Alternatives Considered¶
Build the metadata-only filter and a sample statistics plugin now. This is the natural next step and the benchmark is designed to make it cheap. We are deferring it for social and focus reasons, not technical ones: shipping a vintage surface would invite vintage feedback before the same-data experience is solid. The benchmark captures the design so the work is shovel-ready when we choose it.
Write the rationale as prose only, with no vector. A document can claim the engine is ready; a passing benchmark proves it and keeps proving it. Without an executable artifact, a future change could quietly regress the vintage stance (e.g., bake a same-data assumption into a writer) with nothing to catch it.

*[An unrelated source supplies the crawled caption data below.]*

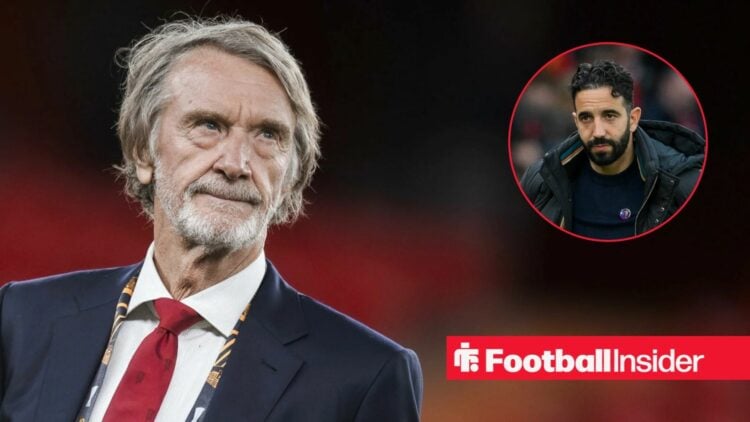 Sir Jim Ratcliffe looking unhappy with Ruben Amorim included in a circular inset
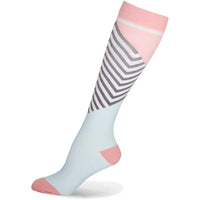 circulation cute socks pink with gray stripes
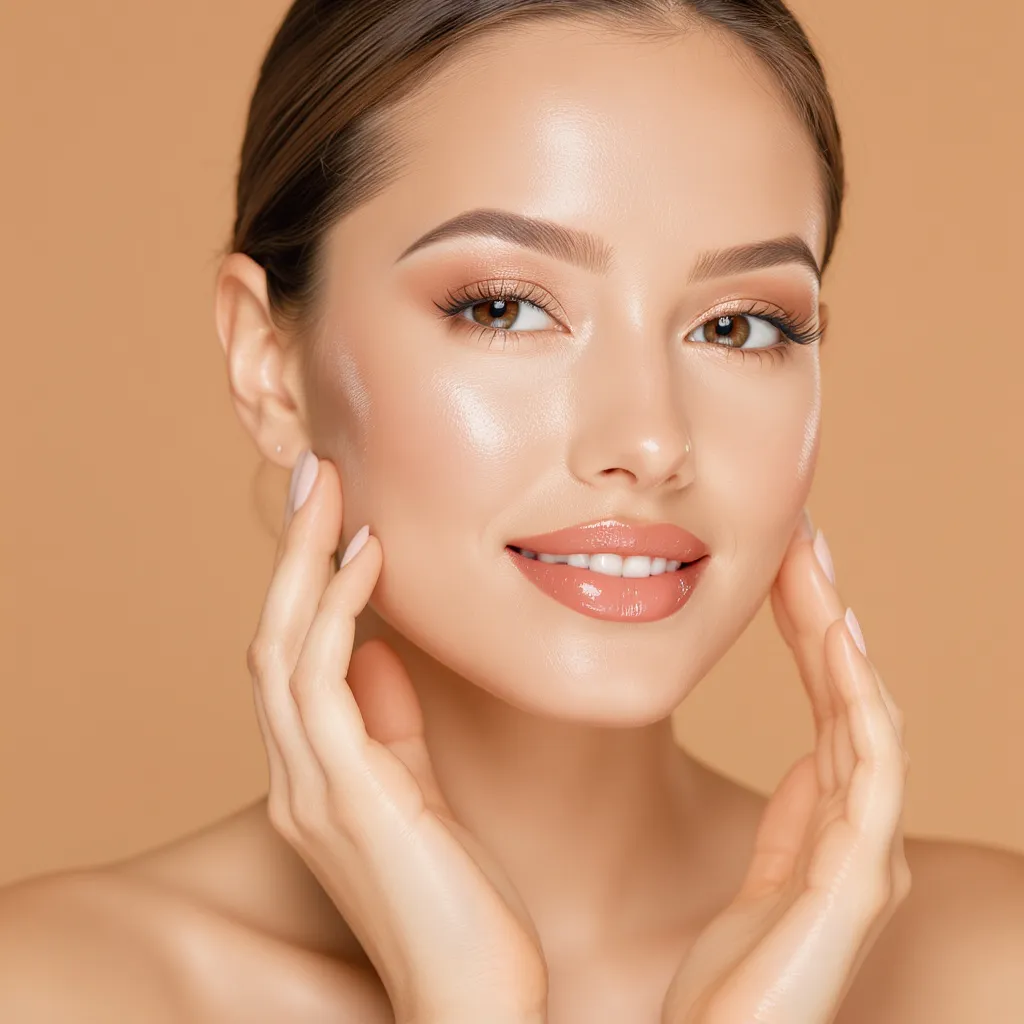 Femme au teint lumineux avec une peau hydratée et repulpée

Make the benchmark aspirational — hand-author the ideal as the gold file.
A snapshot that encodes output the engine does not produce would fail CI, forcing
us to either disable the test (dead weight) or special-case it (harness
complexity). Instead the harness-checked snapshot tracks reality and a separate,
unchecked VINTAGE-IDEAL.md holds the target. The benchmark stays honest and
green, and the gap is documented rather than asserted.
Promote columns (and their vocabularies) to first-class IR nodes now. This would make within-node significance and vocabulary diffing fall out naturally, but it is a substantial IR change in service of an audience we are deliberately not yet serving. The benchmark shows the same outcomes are reachable with a plugin writer emitting tagged edits, deferring any IR commitment until the vintage audience is real.